North Korea is keeping up its response to sanctions imposed by the United Nations Security Council this week, with leader Kim Jong Un warning that the nation will conduct “substantial and high-profile important state measures” — just days after announcing plans for a third nuclear test.
While providing no details of what exactly such measures might mean, Kim is showing his people that he will not be cowed by U.N. sanctions by reacting with bravado — just as his father, Kim Jong Il, did for many years.
The chest-thumping all seems aimed at the U.S., which Kim called “the sworn enemy of the Korean people.”
North Korean state media reported today that Kim had given tasks to his high-ranking officials to achieve his goal. Rodong Sinmun, a state newspaper, ran an essay on Saturday saying that a nuclear test was “the demand of the people.”
“It is the people’s demand that we should do something, not just a nuclear test, but something even greater. The U.N. Security Council has left us no room for choice.”
The North Korean threats, which many experts expected, came after the U.N. Security Council on Tuesday unanimously passed a resolution that tightened sanctions on North Korea. The resolution also condemned a Dec. 12 rocket launching as a violation of earlier resolutions that banned the country from conducting any tests involving ballistic-missile technology.
But with North Korea, sanctions usually serve to push it to further extremes.
The statements by North Korea might be considered worrisome from a country that is taken more seriously on the world stage.
Kim said his country would not give up its nuclear weapons until “the denuclearization of the world is realized.”
In a statement issued through state-run media, the National Defense Commission, the country’s highest governing agency headed by Kim, envisioned “a variety of satellites and long-range rockets which will be launched by the D.P.R.K. one after another, and a nuclear test of higher level which will be carried out by it” will be “targeted” at “the U.S., the sworn enemy of the Korean people.”
Using the acronym for the North’s official name, Democratic People’s Republic of Korea, the statement was intended to show the world that the country would not be deterred by sanctions or warnings. These are attempts by Kim Jong Un to show the world that his country is no weaker since he came to power after the death of his father, Kim Jong Il, in December 2011.
Kim Jong Un shocked the world last month when North Korea successfully launched a rocket that put a satellite into orbit, defying restrictions imposed by the U.S., China and the rest of the world and dramatically resetting the nature of North Korea’s relationship with its Pacific neighbors.
The North Koreans said the satellite, called Kwangmyongsong-3, is equipped with “survey and communications devices essential for the observation of the Earth.”

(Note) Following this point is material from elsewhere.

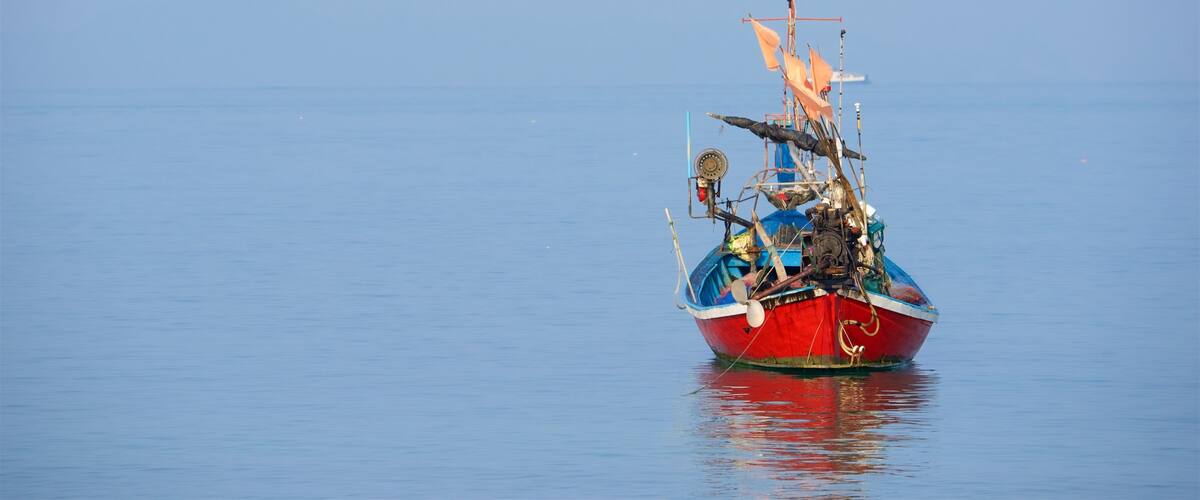 Pier von Na Thon das einen Bootfahren und Bucht oder Hafen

This successful launching came after the spectacular failure of a rocket launch in April made North Korea an international laughingstock. After four unsuccessful rocket launches beginning in 1998, that was the first time North Korea tried twice in the same year and the first time in frigid winter.

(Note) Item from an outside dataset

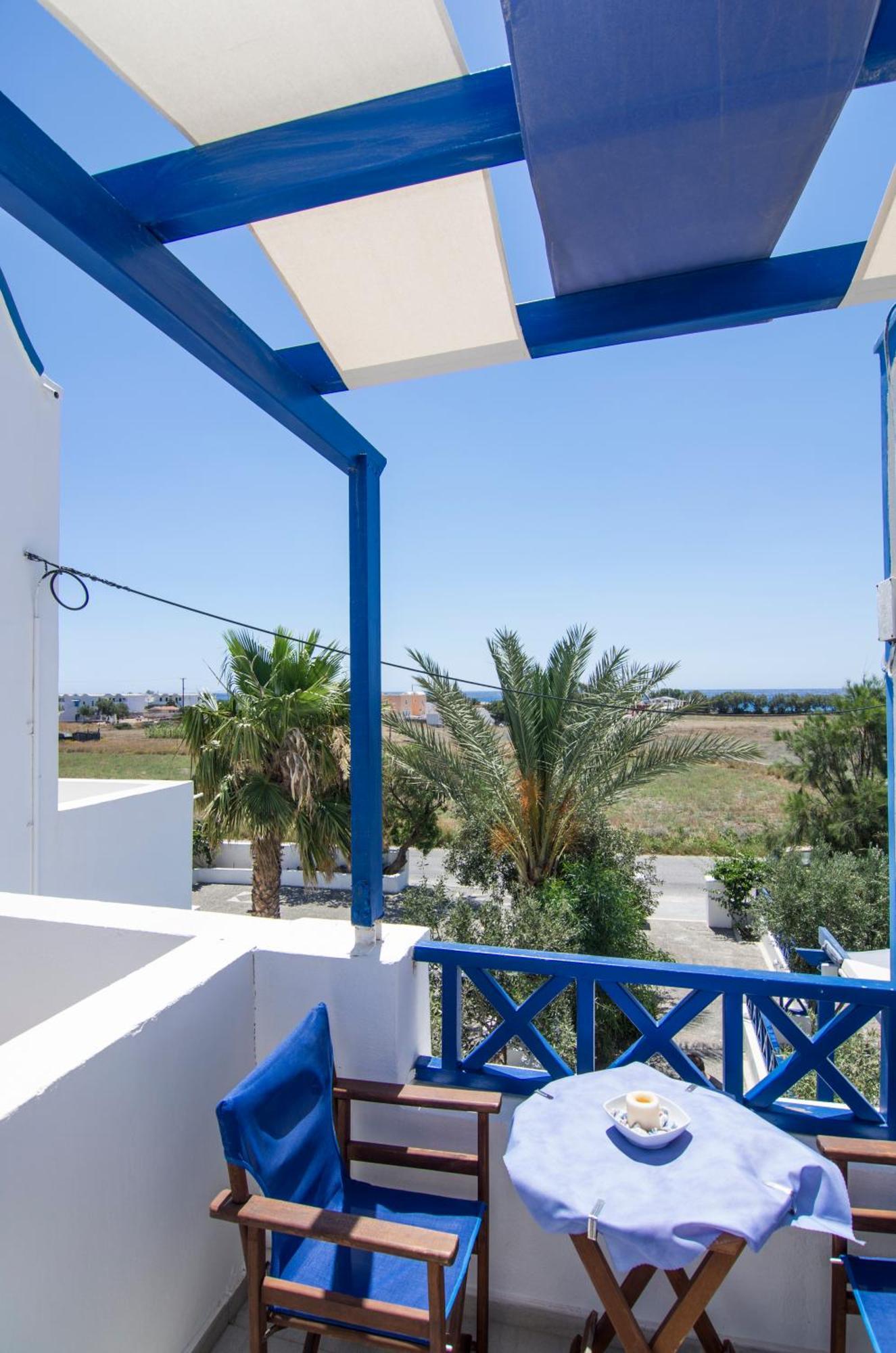 White & Blue Apartment Perivolos  Phòng bức ảnh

According to analysts quoted in the Christian Science Monitor, the aggressive actions of North Korea have had one positive side affect: They have brought together the U.S. and China, long the biggest ally of North Korea, to condemn the actions of the rogue state.
While the U.S. and China have not seen eye-to-eye on many issues, such as the tensions between China and Japan over disputed islands in the East China Sea, the U.S. and China both see the need to keep North Korea in check.
The U.S. and China worked together to reach a compromise that allowed unanimous passage of the U.N. Security Council resolution condemning the December long-range rocket test. At talks in Beijing on Friday, Glyn Davies, the U.S. envoy for North Korean issues, said the U.S. and China “achieved a very strong degree of consensus” on how to confront North Korea’s latest threats.
Beijing’s Global Times newspaper, which is aligned with China’s ruling Communist Party, wrote on Friday that “if North Korea engages in further nuclear tests, China will not hesitate to reduce its assistance,” which is considered an unusually blunt warning.
“A new game is on with North Korea,” and the U.N. resolution “indicates that any new nuke test or missile launch will bring yet another round of even stronger and more targeted sanctions,” says George Lopez, a former U.N. monitor of North Korea sanctions and a professor of peace studies at the University of Notre Dame in South Bend, Ind.
Lopez said the new environment “is both the best and the worst for the Obama administration.”
Lopez said it is the “worst” because any a nuclear test would lead to Republican criticism of his foreign policy, but it is the “best” because a test would present Obama with the “opportunity” to show that the world – including the Chinese and Russians – is ready for “meaningful united action.”